As a crypto exchange, perhaps the worst thing that can happen to you is suffering a security breach. We’ve all seen the headlines of millions of dollars being stolen from crypto exchanges. And besides being a financial nightmare, it is a clear-cut crypto PR crisis.
But if it does happen to your exchange, how can you navigate it? After all, you’ll need to secure public trust and goodwill if there is any chance of survival. In this article, we’ll highlight some steps to survive a crypto exchange breach.
-
Acknowledge Immediately
The most important part of surviving a crypto PR crisis related to a security breach is maintaining customers’ trust. This cannot be done if they are left in the dark or feel like you are avoiding responsibility. As soon as your team confirms that a hack as taken place, immediately log into your social media platforms and email accounts to send the message to all of your users.
The worst case scenario is them spending hours speculating about whether a breach has indeed taken place. That sort of press will tarnish your image long after the hack is over so make sure to get ahead of it.
-
Brace For a Crypto PR Crisis
As a business, you cannot be in denial about things. No matter how well you handle the security breach, the fact that it happened at all will put a hit on your public goodwill. So, as you handle the backend business of securing your platform and working with law enforcement, begin to consider how you will navigate this reputational damage.
This could mean planning to lay low for a bit or aggressively court public favour. Either way, have an honest talk with your team and prepare yourselves financially and reputationally for some challenges.
-
Give Instructions to Customers
It is not just enough to be transparent with your customers about the breach; you need to give them tools to mitigate the damage and protect themselves. So, your first statement should be not only an admission of the situation but should give them the next steps to take.
Depending on the opinion of your security team, it could be to immediately remove their funds and change their password or to do nothing at all. The most obvious question they will have is what to do and you need to pre-emptively answer it to gain some goodwill.
-
Give Minute-by-Minute Update
When a security breach of a crypto platform takes place, both the public and the press will want to know certain details. How much was stolen? What type of attack was it? Have the perpetrators been traced? Having information released to customers by the minutes stops speculation and shows transparency.
If multiple attacks happened, for example, report on each publicly so a clear timeline can be established. Twitter/X is a good idea for this as you can start a thread to update people. Of course, speak with your security team before revealing any sensitive information to the public.
-
Put Out a Formal Statement
Social media posts might be enough to pacify your customers in the moment but after the situation dies down and the facts have been confirmed, you’ll have to put out a formal statement about the incident. This should be via a press release that summarizes the incident; how much was lost, how the breach happened, and in what capacity an investigation has been done.
This statement should be signed by an executive of your company and, ideally, have a statement from a security professional close to the situation. This offers a formal record and might even be needed further down the line once law enforcement or courts are involved.
-
Outline Restitution Efforts
After a crypto platform has been hacked, the big question on everyone’s mind is whether or not customers will get any of their money back. After all, we’ve seen situations where customers are refunded in full and others where no compensation was given years after.
As soon as your legal team approves, let customers know what the outcome will be. If you can afford to pay them back, put out a detailed timeline of when this will be and how they can claim compensation. If no compensation can be given, make that clear early on to avoid speculation. No matter what the outcome is, let it be known as soon as possible.
-
Don’t Shift Blame/Be Transparent
Crypto security breaches are big media stories especially when there is a lot of trading blame. If no culprit is identified, news sites begin to speculate about rug pulls and North Korean hackers and this can tarnish the reputation of the business in question.

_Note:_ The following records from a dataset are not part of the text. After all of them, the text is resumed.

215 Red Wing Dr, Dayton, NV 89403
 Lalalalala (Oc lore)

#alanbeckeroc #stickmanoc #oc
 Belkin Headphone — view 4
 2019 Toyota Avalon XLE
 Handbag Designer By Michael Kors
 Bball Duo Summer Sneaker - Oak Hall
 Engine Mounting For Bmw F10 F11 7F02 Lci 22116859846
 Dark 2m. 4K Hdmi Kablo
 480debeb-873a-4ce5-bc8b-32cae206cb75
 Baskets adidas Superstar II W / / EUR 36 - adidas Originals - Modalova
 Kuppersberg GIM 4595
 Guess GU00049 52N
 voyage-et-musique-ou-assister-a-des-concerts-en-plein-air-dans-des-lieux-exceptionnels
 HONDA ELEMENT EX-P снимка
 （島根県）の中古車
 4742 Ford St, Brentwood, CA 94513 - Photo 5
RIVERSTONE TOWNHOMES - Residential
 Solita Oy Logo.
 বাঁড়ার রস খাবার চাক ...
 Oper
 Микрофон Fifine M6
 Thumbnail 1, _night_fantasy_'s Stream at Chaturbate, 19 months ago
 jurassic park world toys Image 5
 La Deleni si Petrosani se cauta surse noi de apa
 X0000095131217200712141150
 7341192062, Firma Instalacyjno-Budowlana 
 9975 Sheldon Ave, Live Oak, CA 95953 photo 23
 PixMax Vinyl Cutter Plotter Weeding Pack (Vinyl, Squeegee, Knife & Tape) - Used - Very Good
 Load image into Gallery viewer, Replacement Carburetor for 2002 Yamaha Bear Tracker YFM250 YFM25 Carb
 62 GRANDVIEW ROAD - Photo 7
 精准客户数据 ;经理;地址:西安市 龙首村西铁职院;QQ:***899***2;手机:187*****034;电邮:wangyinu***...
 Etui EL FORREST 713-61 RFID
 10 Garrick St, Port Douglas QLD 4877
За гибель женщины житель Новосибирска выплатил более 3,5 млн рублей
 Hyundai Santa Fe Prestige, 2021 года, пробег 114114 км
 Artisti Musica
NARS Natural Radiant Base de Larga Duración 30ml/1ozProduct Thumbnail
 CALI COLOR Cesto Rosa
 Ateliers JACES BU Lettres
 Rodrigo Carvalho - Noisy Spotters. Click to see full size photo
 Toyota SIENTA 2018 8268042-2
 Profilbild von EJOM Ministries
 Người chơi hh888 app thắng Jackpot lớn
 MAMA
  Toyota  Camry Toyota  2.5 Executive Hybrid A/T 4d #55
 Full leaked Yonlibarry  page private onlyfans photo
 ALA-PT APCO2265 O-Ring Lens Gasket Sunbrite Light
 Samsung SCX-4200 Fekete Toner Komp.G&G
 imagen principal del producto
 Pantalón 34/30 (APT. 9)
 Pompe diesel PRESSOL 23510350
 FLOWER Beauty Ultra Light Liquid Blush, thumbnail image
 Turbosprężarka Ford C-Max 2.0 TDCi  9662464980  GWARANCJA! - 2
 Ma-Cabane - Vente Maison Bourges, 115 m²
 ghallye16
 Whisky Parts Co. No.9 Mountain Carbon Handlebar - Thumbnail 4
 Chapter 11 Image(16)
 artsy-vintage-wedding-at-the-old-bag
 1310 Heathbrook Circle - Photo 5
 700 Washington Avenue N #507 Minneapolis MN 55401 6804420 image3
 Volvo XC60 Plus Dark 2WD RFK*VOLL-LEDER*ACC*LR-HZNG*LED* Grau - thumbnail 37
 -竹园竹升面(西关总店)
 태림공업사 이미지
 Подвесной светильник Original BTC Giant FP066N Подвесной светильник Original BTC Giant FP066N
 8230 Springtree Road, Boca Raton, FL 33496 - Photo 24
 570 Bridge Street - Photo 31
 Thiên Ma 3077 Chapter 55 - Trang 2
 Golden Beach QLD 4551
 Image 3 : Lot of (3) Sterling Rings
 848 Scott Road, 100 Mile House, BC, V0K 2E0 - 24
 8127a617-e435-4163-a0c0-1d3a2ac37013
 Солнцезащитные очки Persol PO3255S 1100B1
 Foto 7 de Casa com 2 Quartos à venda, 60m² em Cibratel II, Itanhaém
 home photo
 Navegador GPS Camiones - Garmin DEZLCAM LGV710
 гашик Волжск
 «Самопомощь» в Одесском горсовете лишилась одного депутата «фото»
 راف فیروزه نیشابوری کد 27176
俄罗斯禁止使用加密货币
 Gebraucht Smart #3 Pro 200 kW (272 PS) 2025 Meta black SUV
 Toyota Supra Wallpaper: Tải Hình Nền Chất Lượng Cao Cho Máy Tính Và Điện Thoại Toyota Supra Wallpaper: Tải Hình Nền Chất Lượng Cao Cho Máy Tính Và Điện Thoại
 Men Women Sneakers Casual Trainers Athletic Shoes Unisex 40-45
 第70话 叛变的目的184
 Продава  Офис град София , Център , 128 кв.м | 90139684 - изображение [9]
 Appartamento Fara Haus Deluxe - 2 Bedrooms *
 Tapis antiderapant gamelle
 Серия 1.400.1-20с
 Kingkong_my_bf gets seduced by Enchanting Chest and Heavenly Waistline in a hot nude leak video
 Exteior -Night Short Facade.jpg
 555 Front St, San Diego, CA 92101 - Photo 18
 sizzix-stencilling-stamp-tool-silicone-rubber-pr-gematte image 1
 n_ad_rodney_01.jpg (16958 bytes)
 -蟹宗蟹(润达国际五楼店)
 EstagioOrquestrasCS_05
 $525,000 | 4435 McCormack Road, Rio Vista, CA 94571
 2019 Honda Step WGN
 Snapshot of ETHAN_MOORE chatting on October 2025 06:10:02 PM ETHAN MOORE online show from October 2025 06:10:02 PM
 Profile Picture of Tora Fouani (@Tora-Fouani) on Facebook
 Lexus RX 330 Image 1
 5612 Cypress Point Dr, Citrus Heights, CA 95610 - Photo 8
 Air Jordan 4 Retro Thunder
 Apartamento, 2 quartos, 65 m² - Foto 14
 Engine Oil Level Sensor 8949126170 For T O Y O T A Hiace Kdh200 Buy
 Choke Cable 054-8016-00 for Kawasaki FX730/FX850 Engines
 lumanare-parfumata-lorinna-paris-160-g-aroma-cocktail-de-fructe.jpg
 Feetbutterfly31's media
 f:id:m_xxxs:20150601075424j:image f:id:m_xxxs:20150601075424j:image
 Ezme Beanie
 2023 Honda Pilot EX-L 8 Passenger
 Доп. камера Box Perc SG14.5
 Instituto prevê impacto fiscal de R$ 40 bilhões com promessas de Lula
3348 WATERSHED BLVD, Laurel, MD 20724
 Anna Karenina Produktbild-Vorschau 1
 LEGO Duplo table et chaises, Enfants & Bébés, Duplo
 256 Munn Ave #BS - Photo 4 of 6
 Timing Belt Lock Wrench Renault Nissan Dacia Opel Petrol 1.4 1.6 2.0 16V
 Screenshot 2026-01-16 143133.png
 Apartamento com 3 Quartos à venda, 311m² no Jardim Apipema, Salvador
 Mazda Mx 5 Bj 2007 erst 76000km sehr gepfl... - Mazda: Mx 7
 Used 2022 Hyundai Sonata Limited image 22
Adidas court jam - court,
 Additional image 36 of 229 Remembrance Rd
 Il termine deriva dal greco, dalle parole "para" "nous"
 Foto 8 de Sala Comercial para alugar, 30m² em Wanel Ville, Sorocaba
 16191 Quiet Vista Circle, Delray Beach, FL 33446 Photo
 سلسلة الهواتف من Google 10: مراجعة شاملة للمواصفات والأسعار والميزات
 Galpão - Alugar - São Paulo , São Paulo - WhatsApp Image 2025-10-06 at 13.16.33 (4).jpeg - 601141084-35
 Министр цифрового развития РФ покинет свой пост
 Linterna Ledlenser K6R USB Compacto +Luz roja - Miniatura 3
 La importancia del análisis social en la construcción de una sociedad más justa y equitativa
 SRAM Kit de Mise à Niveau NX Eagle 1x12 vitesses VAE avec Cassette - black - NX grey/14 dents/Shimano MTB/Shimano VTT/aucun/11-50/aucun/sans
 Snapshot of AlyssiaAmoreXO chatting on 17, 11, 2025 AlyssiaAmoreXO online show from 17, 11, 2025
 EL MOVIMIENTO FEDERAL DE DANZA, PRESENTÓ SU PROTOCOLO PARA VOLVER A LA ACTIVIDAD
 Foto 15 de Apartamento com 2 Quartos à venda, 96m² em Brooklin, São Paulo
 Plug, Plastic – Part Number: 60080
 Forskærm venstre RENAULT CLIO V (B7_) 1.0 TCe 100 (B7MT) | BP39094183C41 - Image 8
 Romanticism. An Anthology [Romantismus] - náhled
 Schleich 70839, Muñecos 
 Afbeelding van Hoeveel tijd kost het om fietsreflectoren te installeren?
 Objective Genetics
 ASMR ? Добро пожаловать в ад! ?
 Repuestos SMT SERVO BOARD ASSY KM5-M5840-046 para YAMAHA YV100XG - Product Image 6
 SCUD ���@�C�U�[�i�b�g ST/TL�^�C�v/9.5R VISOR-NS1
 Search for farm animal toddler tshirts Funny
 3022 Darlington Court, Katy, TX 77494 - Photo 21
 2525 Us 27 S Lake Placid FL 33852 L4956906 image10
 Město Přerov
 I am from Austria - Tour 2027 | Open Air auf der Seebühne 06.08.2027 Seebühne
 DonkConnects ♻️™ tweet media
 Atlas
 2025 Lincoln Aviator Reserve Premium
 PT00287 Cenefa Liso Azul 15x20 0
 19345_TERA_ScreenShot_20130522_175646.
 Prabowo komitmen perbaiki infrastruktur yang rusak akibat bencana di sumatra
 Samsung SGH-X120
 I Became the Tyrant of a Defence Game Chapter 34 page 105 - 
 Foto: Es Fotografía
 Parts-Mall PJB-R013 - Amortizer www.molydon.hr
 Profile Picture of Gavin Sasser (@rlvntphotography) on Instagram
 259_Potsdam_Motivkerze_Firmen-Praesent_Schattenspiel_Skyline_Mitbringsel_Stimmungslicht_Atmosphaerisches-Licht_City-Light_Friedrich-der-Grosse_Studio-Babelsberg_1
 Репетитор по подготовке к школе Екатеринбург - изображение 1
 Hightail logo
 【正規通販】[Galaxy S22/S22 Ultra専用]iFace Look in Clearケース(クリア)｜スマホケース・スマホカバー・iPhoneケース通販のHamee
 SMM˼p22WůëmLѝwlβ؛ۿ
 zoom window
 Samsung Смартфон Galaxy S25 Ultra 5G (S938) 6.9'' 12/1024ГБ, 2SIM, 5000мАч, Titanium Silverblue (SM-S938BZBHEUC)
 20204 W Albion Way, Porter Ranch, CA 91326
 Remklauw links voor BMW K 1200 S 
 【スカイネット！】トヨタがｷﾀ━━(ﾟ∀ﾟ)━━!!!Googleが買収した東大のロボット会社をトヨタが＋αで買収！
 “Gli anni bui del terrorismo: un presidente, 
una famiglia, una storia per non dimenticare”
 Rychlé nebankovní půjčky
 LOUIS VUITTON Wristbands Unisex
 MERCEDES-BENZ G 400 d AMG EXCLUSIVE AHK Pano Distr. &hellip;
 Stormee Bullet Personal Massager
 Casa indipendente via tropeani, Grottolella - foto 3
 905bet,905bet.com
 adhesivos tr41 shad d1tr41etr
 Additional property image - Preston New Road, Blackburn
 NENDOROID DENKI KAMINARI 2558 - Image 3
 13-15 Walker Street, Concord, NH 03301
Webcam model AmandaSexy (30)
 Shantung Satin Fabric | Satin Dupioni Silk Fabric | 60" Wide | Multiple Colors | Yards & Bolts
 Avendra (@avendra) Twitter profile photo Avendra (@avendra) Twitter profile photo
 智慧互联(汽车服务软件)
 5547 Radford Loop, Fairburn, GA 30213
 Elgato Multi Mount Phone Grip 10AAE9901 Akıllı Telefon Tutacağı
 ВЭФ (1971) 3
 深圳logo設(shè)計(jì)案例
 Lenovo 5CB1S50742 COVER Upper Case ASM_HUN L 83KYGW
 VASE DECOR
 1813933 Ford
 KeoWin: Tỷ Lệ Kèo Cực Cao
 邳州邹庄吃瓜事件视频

So, make sure you give the media as little to report on as possible by being transparent. If you don’t know who is responsible, think it’s due to an internal fault, or anything else, state it openly. Even if you’re still waiting for the facts before confirming anything, state that as well.
-
Offer a Retrospective
Months or even years after the breach has died down, don’t hesitate to give updates if they are relevant to your customers. Some exchanges have updated their customers years after the fact when funds were recovered or the culprits were caught.
This is one of the best ways to secure public goodwill as it lets everyone know that you are willing to hold yourself accountable and be transparent no matter what. Of course, clear this with your legal team to avoid getting into hot water.
Conclusion
A security breach is arguably the worst crypto PR crisis that an exchange or any other trading platform can experience. Besides the money lost, earning back user trust can prove to be an uphill battle.
This is why you need to have a game plan in case this happens. Much of this boils down to being transparent with your customers and letting them know that no matter what, you are on their side.